Figure 3-16 Root Cause Analysis of Brighter Ghosting

Figure 3-17 shows a brighter coupling simulation example in spice. From the simulation results, we can see that OUT₀ (blue cure) is coupled by OUT₁(green curve) and ramps from 0 to around 2.6V. That’s larger than the LED forward voltage and can make this light up. The peak current through the LED₀ is around 400uA.

Figure 3-17 Brighter Coupling Simulation

So, how to solve the brighter coupling issue? From the previous modeling, the unchosen lines are floating, which means the unchosen lines are easily to be affected by variable voltage. Supposing we can make voltage on the unchosen lines be a certain level, what happens? In fact, this is the design shown in Figure 3-18. This can make the unchosen lines voltage be upper clamped to a fixed voltage to isolate the Switch ON and Switch OFF channels, as the SW line ceiling circuit block shown. Now we can see that the voltage on anode of LED₀₀ is keeping constant and not coupled.
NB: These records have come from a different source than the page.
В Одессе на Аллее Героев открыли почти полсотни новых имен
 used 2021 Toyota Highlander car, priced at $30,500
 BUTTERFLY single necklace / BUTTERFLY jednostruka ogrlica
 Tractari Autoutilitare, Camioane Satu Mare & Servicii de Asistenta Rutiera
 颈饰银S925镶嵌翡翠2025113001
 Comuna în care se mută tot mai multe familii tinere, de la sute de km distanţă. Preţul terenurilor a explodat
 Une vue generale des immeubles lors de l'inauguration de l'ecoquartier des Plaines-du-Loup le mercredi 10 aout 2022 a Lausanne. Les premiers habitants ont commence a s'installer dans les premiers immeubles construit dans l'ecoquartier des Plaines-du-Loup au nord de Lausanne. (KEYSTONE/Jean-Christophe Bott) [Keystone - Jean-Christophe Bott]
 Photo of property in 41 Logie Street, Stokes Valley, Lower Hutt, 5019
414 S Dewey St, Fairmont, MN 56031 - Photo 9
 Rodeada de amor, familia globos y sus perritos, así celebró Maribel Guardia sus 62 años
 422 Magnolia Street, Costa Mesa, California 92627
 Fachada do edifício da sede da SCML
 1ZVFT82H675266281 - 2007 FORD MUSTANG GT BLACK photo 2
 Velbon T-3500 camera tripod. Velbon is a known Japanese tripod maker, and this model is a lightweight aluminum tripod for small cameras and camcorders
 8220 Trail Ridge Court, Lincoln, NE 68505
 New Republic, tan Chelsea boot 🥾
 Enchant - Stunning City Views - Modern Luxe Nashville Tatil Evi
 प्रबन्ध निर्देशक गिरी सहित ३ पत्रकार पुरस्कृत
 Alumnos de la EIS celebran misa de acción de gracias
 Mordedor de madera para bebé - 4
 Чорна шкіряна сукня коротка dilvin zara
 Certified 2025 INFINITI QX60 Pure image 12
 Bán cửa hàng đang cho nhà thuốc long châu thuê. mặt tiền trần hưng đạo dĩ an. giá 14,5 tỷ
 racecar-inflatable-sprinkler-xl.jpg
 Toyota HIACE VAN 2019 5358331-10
TLC698x can set the line ceiling voltage (upper line clamp voltage) that clamps the maximum voltage level on scan lines to maintain voltage across the unwanted LED is smaller than the LED forward voltage. thus, eliminating the brighter coupling issue.

Figure 3-18 Brighter Coupling Elimination by SW Line Ceiling Circuit

Line ceiling is different from SW line clamp that we have discussed in previous sections for upside ghosting. To distinguish, we also call line ceiling as upper line clamp, and SW line clamp as lower line clamp, shown in Figure 3-19.

Figure 3-19 Line Ceiling and Line Clamp

Figure 3-20 shows the line ceiling simulation example in spice. From the simulation results, we can see that the clamping method works and LED₀ is not coupled to light up.

Figure 3-20 Line Ceiling Simulation

Figure 3-21 and Figure 3-22 show the comparison demo with or without brighter coupling. The bright horizontal grid lines in area C couples the corresponding lines in areas A and B to be brighter than the other lines (such as area D). The dark area A an B are coupled by the high grayscale area C to be brighter. With this being enabled, we don’t see coupling anymore.

Figure 3-21 With Brighter Coupling

Figure 3-22 Without Brighter Coupling